» **Assignment**: With the pictures removed, write out the data below exactly.
++++ Listed records ++++
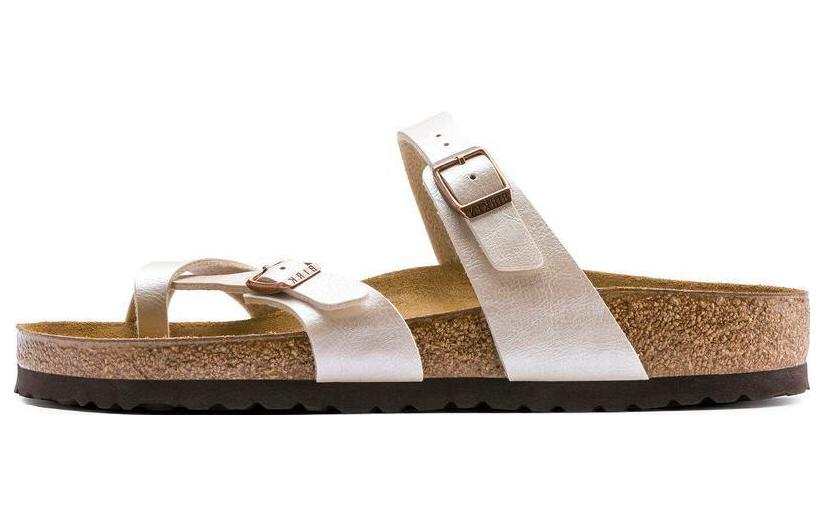 Birkenstock Slide Slippers Women's Pearl White Regular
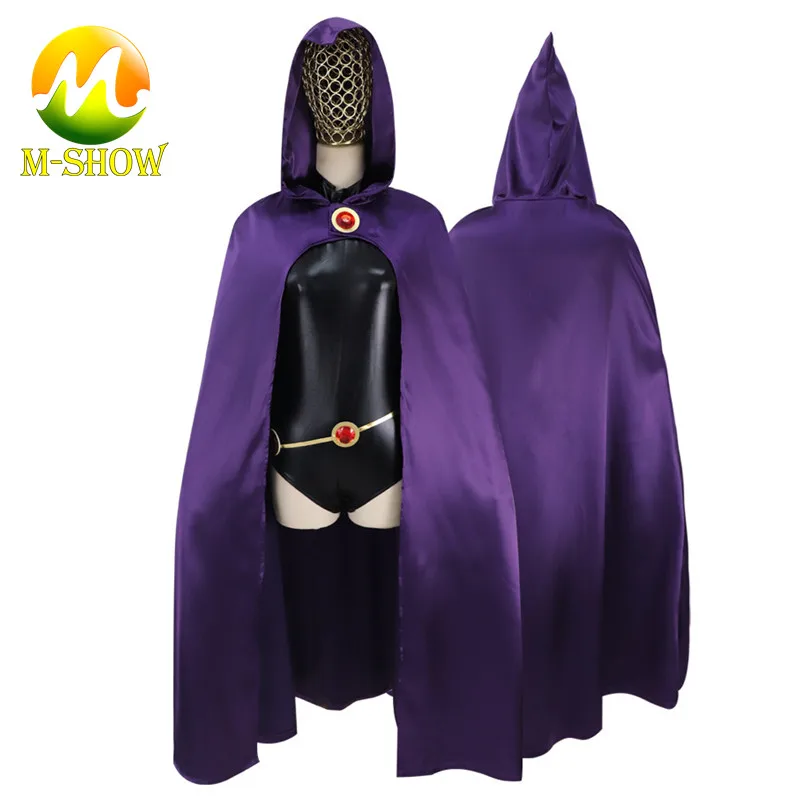 DC Comic Teen Titans Raven Cosplay Costume for Adult Halloween Cosplay Jumpsuit with Cloak Raven Co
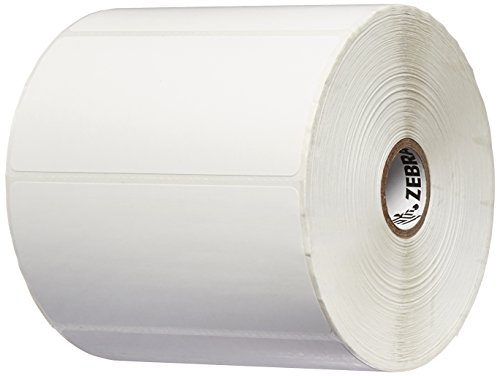 Zebra Technologies 10009530 Z-Select 4000T Paper Label, Thermal Transfer, Perforated, 4" x 2", 1" Core, 5" OD, 1370 Labels per Roll (Pack of 6)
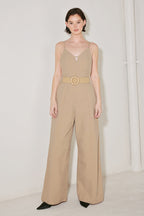 NEUTRAL GODDESS WOVEN JUMPSUIT Flying Tomato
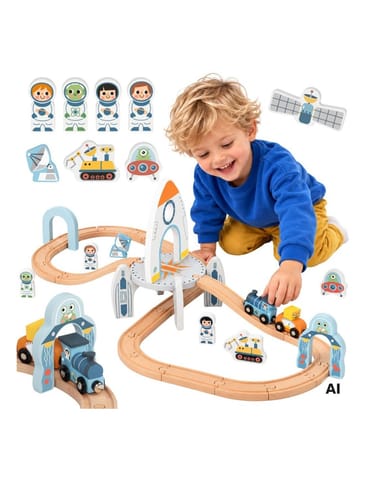 ⁨TOOKY TOY Drewniana Kolejka Pociąg Kosmiczna Rakieta Tory⁩ w sklepie Wasserman.eu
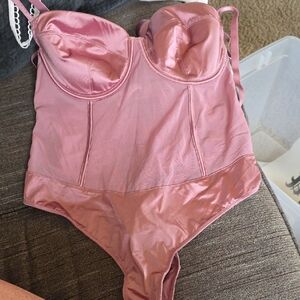 Women's Satin and Mesh Lightly Lined Lingerie Bodysuit - Auden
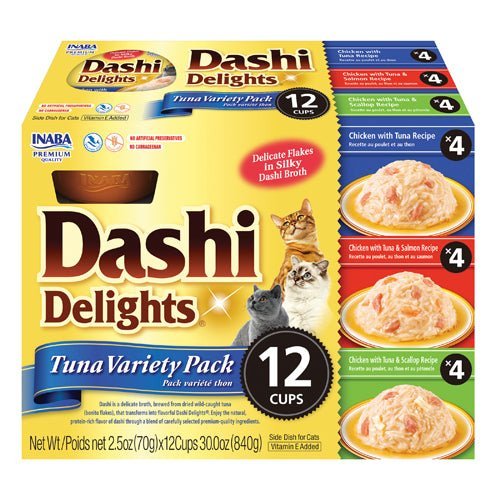 Inaba Dashi Delight Tuna Variety Pack Cat Treats - 12x70g
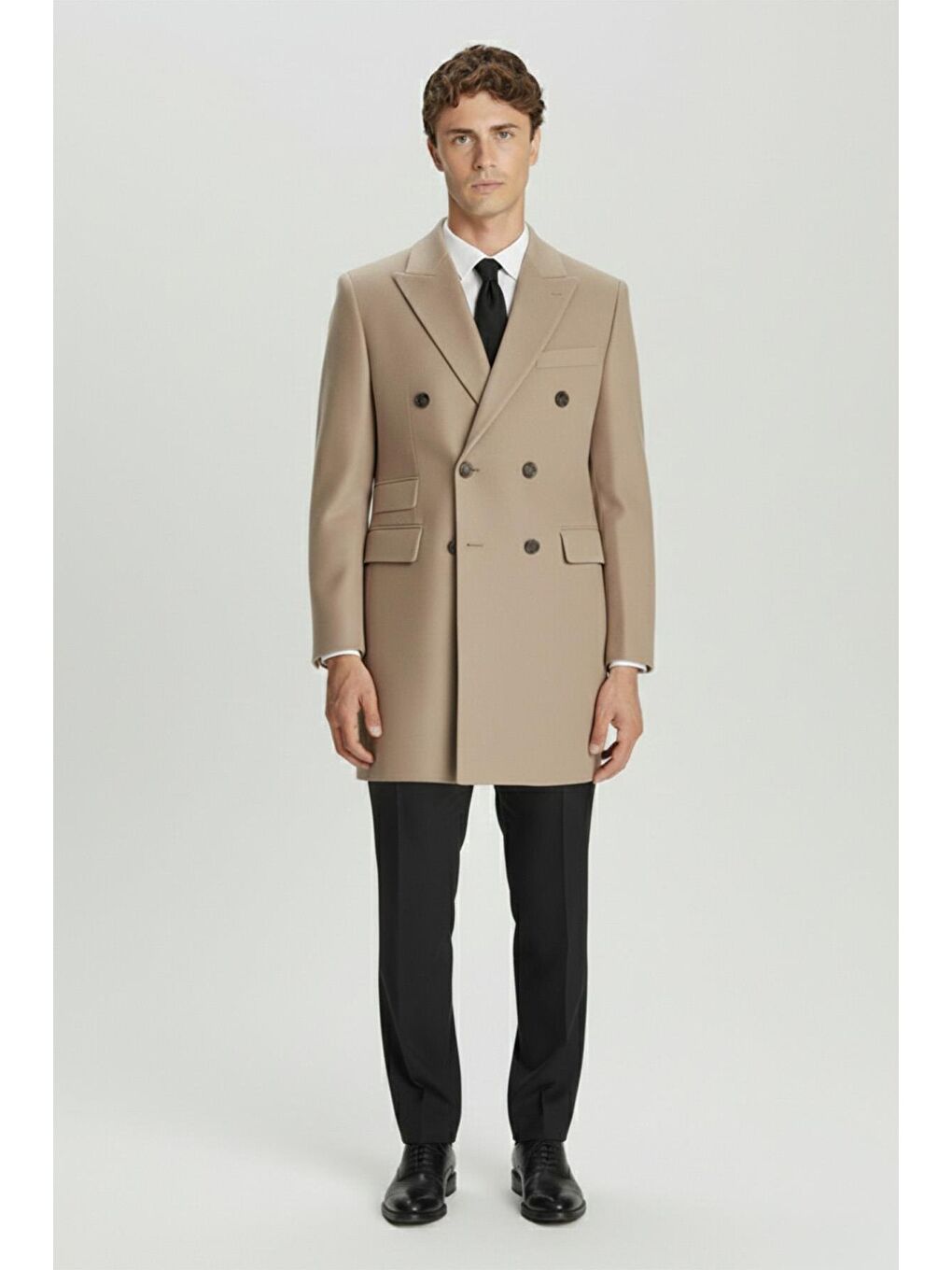 Kahverengi Giotelli Camel Slim Fit Yün Karışımlı Sivri Yaka Kruvaze 6 Drop Orta Boy Erkek Palto-2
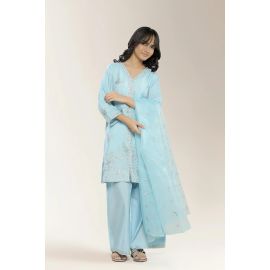 Embroidered Ice Blue Teens 3PC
++++
» **Task result**:
 Birkenstock Slide Slippers Women's Pearl White Regular
 DC Comic Teen Titans Raven Cosplay Costume for Adult Halloween Cosplay Jumpsuit with Cloak Raven Co
 Zebra Technologies 10009530 Z-Select 4000T Paper Label, Thermal Transfer, Perforated, 4" x 2", 1" Core, 5" OD, 1370 Labels per Roll (Pack of 6)
 NEUTRAL GODDESS WOVEN JUMPSUIT Flying Tomato
 ⁨TOOKY TOY Drewniana Kolejka Pociąg Kosmiczna Rakieta Tory⁩ w sklepie Wasserman.eu
 Women's Satin and Mesh Lightly Lined Lingerie Bodysuit - Auden
 Inaba Dashi Delight Tuna Variety Pack Cat Treats - 12x70g
 Kahverengi Giotelli Camel Slim Fit Yün Karışımlı Sivri Yaka Kruvaze 6 Drop Orta Boy Erkek Palto-2
 Embroidered Ice Blue Teens 3PC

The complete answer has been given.